Carnitine and Acylcarnitines
Carnitine (L-3-hydroxy-4-aminobutyrobetaine or L-3-hydroxy-4-N-trimethylaminobutanoic acid), and its acyl esters (acylcarnitines) are essential compounds for the metabolism of fatty acids. They are present in animals, plants and some microorganisms. In animal tissues, carnitine concentrations are relatively high, typically between 0.2 and 6 mmol/kg, with most in the heart and skeletal muscle.
L-Carnitine can be synthesised de novo in animal cells by a multistep process, with lysine and methionine, derived from protein degradation, as the primary precursors and butyrobetaine as an intermediate. However, it is believed that most comes from the diet other than in strict vegetarians, and plasma carnitine levels are positively correlated with the dietary intake. In humans, the major sources of carnitine are meat, fish and dairy products, which can supply 2 to 12 μmol per day per kg of body weight, as opposed to 1.2 μmol per day per kg of body weight of endogenous carnitine. The latter is synthesised in the kidney, liver and brain and is transported to other tissues in the circulation before it is taken up by active transport systems. In the kidney, carnitine and butyrobetaine are reabsorbed efficiently so urinary loss is minimized, although excessive amounts can be eliminated when necessary.
In mammals, carnitine functions through the reversible esterification of its 3-hydroxyl group, with subsequent translocation of the acylcarnitines produced from one cellular compartment to another. Carnitine acyltransferases are the enzymes responsible for the production of acylcarnitines, and these can have differing chain-length specificities, but covering the entire range of acyl chain lengths, depending on the cellular location and metabolic purpose. In consequence, acylcarnitines constitute an appreciable component of the tissue carnitine pool, and tissue and plasma concentrations of carnitine and acylcarnitines are together maintained within relatively narrow limits by a variety of mechanisms.

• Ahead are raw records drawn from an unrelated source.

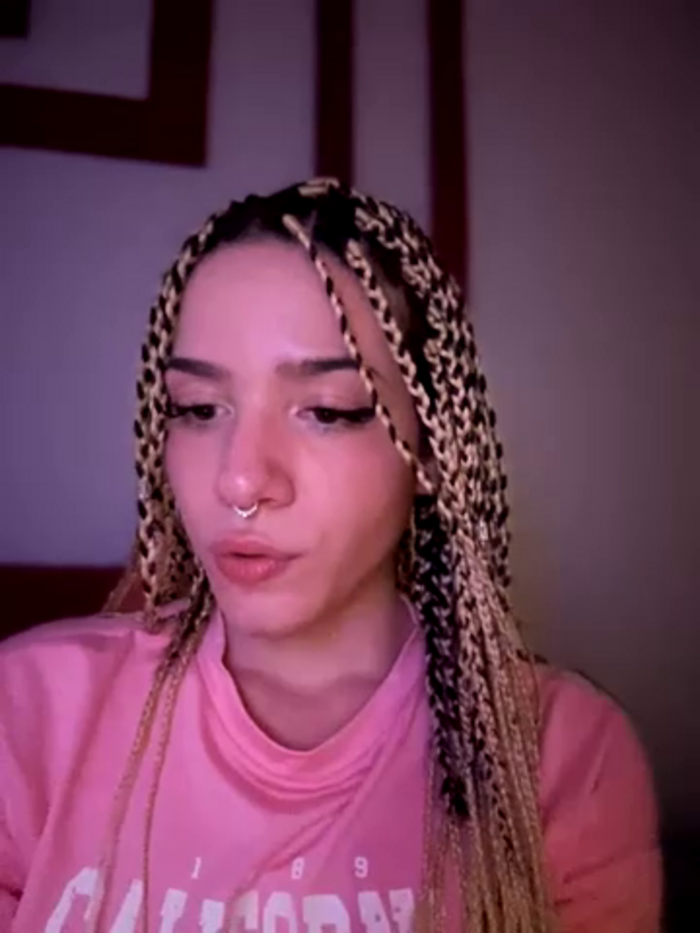 ShannonShanny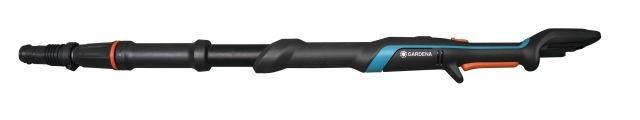 Maneja el culo.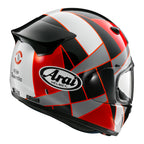 Arai Quantic Peak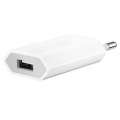 Adaptateur 5W USB iPhone 5, 5S, 5C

Fatty acyl-CoA thioesters cannot enter the mitochondrial matrix because they are not able to pass readily through the inner mitochondrial membrane. Instead, carnitine assists the transport and metabolism of fatty acids into mitochondria, where the enzymes of β-oxidation are located and fatty acids are oxidized as a major source of energy. In so doing, carnitine maintains a balance between free and esterified coenzyme A, since an excess of acyl-CoA intermediates is potentially toxic to cells. In addition, carnitine is required to remove any surplus of acyl groups from mitochondria, and to export acetyl- and other short-chain acyl groups from peroxisomes via the action of carnitine octanoyltransferase, which as the name suggests is specific for medium-chain fatty acyl moieties. These activities influence in turn innumerable aspects of carbohydrate and lipid metabolism, including the regulation of insulin secretion by pancreatic β-cells and the determination of tissue insulin sensitivity.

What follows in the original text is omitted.